How Banks Make Money And Why It's Shifting In 2021 | Nucoro (2024)
Nikolai Hack is Head of Strategy & Partnerships at Nucoro where one key aspect of his role is to keep a close eye on the developments within financial services. His recent focus has been to examine the market shift in realising the opportunity for financial institutions in moving savers into investors. In this blog, Nikolai explains the macro factors driving this change.
For the majority of our lives, the answer to the question“how does a bank make money” seemed to be an obvious no brainer. Accordingly, the definition of Commercial Banking on investopedia.com couldn’t be clearer:
Commercial banks make money by providing and earning interest from loans [...]. Customer deposits provide banks with the capital to make these loans.
Traditionally, money earned in the form of interest from loans often accounts for up to 65% of a banks’ revenue model. However, to anyone who has been paying attention to central bank activity and monetary policy across the world, this definition poses a somewhat puzzling picture.
Central bank interest rates have been in a decade long freefall and are now at unprecedented historical lows. While the Bank of England and the Fed are still holding rates just barely north of nil, in the Euro area, Switzerland and Japan, banks are already being charged to deposit money at their central bank.
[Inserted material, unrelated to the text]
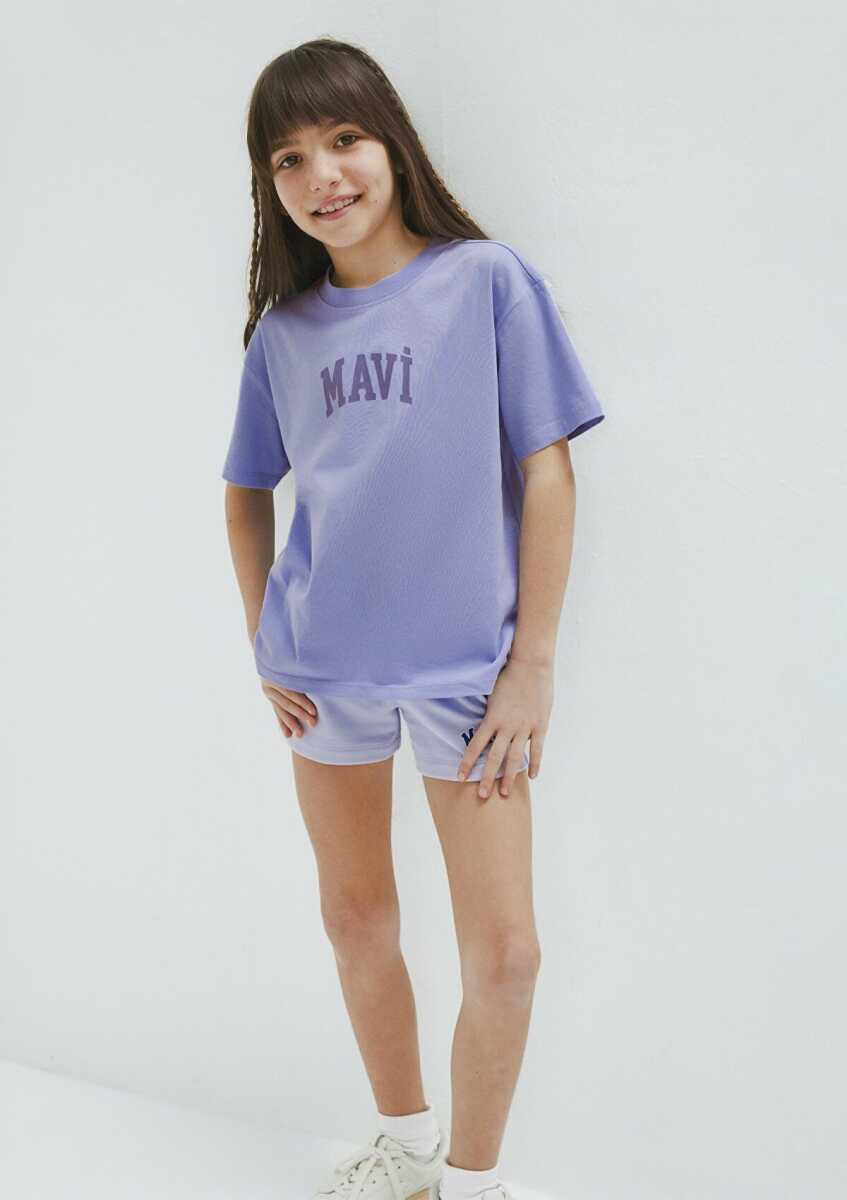 Mavi Baskılı Mor Loose Fit Çocuk Tişört 7610467-70545 (1)
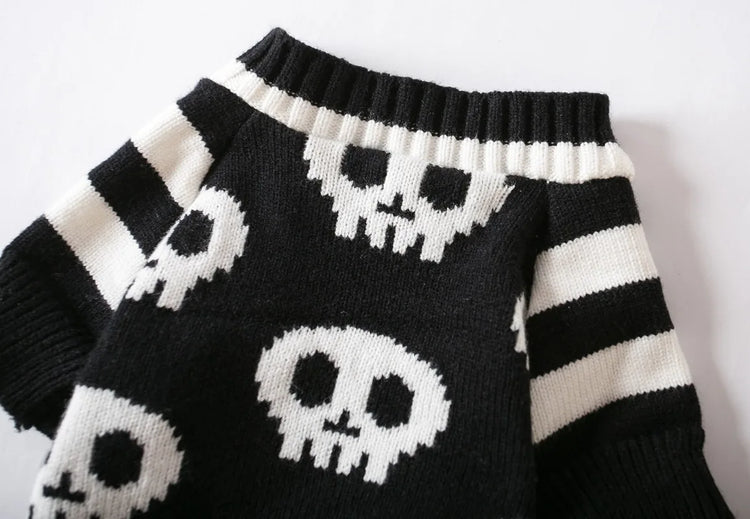 Puppy Halloween Skull Pet Sweater Halloween Sweater Striped Cozy Dog Sweaters for Small Dogs Autumn Winter Warm Pet Clothing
The consequences for consumers and debtors generally are severe. On the one hand, in the Eurozone most notably, it has become the norm to find 10-year and longer term mortgages for less than 1% interest. Soaring real estate prices and an over-indebtedness of private households are the result. On the other hand, the annual yield even on fixed term deposits rarely goes over that same 1% threshold anymore. With saving being so unattractive, ever more money finds its way into other asset classes like sky high stocks and riskier bonds.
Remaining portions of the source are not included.